This update on the Every Student Succeeds Act and the education plans now being implemented by states and school districts is produced in partnership with ESSA Essentials, an ongoing series from the Collaborative for Student Success. It’s an offshoot of their ESSA Advance newsletter, which you can sign up for here! (See our recent ESSA updates from previous weeks right here.)

Late last year, the U.S. Department of Education “made an under-the-radar announcement that it was seeking comments on a new study of over $30 billion in federal education spending,” writes Scott Sargrad in Forbes. While it could “provide valuable information for researchers, advocates, and policymakers about the Department’s investment in K-12 education,” there are also concerns that it could be used to justify “undermining support of robust federal investment in schools and students.”

The study will examine funding levels under the Every Student Succeeds Act as well as the Individuals with Disabilities Education Act (IDEA) and will “look into how districts and schools use the money they receive from the largest programs of these two laws.”

The study will “also examine how states distribute this money, to determine whether it is reaching the intended beneficiaries,” Sargrad writes. “Studies of federal programs have an important history in advancing education reform efforts. Between 2006 and 2010, the Department of Education’s Policy and Program Studies Service published a nine-volume report on the implementation of No Child Left Behind,” which “showed that federal funds were more targeted to high-poverty districts than state and local funds, and yet high-poverty schools received less Title I funding per low-income student than low-poverty schools.”

Here are the week’s other top headlines for how states are implementing the Every Student Succeeds Act:

ESSA’s per-pupil spending data will spur transparency — but also possible misinterpretations

In Wisconsin and nationwide, new ESSA provisions will require states “to report per-pupil spending and spending source by school in each district instead of by the district as a whole.”

This provision of the federal law is meant to foster “greater financial transparency than schools were previously asked to provide.” The provision will also make it easier for communities to see “how spending is broken down in districts that have multiple schools, such as districts with multiple elementary schools.” While greater transparency “will provide more information to schools and communities,” it also “opens up the opportunity for people to misinterpret or mischaracterize the data,” according to senior researcher Anne Chapman of the Wisconsin Policy Forum.
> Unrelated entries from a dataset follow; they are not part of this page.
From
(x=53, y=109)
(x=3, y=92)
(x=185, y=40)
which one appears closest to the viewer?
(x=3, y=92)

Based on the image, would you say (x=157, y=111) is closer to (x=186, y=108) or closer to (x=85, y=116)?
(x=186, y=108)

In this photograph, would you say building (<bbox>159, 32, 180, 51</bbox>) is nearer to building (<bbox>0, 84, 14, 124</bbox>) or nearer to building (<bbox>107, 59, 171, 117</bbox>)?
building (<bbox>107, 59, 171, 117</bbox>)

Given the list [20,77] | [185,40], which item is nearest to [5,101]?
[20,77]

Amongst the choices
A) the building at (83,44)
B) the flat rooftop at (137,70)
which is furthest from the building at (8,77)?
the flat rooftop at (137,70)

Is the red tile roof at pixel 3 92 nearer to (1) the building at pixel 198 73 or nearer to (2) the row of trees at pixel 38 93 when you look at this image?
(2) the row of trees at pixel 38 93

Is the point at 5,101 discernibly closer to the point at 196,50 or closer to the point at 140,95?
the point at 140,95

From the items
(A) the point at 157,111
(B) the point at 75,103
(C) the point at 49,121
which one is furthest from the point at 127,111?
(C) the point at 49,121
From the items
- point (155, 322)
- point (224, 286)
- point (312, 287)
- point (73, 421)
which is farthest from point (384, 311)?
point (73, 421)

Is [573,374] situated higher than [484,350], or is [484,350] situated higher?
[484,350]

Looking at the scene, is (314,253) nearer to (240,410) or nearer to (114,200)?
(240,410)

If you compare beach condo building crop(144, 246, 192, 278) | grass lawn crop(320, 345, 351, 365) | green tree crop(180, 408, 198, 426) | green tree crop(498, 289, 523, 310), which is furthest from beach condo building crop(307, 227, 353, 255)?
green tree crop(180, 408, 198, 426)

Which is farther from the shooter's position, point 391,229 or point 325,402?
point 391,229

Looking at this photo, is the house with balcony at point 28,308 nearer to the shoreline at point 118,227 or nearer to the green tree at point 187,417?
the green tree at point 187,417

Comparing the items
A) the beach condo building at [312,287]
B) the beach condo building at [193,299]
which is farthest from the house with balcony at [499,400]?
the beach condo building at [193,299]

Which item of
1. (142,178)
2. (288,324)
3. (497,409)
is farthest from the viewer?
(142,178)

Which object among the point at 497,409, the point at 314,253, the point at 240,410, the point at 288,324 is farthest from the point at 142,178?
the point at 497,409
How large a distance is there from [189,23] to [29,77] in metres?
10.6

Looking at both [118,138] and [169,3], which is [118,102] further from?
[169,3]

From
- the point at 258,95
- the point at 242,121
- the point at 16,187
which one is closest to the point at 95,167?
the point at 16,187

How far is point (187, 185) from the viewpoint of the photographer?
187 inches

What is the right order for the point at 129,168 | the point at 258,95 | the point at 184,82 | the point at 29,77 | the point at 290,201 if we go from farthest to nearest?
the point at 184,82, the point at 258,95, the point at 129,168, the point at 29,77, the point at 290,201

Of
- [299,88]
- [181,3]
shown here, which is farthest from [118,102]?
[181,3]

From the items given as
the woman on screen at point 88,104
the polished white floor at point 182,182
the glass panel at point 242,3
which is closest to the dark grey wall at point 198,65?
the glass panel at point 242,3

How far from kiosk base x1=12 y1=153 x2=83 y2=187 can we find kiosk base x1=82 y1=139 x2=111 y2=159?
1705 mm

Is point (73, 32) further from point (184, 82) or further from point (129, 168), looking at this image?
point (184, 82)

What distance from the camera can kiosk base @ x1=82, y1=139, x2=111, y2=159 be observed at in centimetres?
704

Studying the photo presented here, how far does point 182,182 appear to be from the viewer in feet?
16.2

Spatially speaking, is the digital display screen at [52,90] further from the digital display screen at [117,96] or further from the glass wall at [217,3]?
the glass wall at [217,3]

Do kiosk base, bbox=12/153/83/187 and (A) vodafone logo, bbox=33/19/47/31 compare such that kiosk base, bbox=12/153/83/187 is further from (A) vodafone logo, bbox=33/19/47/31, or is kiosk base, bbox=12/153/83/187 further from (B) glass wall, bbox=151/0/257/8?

On the efficacy of school quality surveys

According to this 74 analysis by Phyllis Jordan, school climate and student engagement surveys are becoming more popular in helping us learn more about “important contributors to student success” — including “students’ sense of belonging at school and their sense of themselves as learners … bullying among students, relationships with teachers and the respect a school shows for cultural and racial diversity.” However, some in the research community are voicing concerns about states using such surveys in the school accountability context.

With roughly a dozen states factoring survey results into their rating under ESSA, researchers say these tools “are not intended for accountability purposes and are not yet reliable enough for comparing school quality.”

New DOE rules on religious liberty and school prayer

U.S. Secretary of Education Betsy DeVos recently announced several new steps “to protect religious liberty and ensure the Department is acting in accordance with the first amendment,” according to a press release from the U.S. Department of Education. The proposed rule would address “five general areas of importance to religious organizations, faith-based institutions, and their students” in an effort to “implement President Trump’s Executive Order 13831, Executive Order on the Establishment of a White House Faith and Opportunity Initiative.”

Separately, the DOE also plans to issue “updated guidance on constitutionally protected prayer in public elementary and secondary schools,” which is required every two years by the Every Student Succeeds Act and its predecessor, the Elementary and Secondary Education Act of 1965.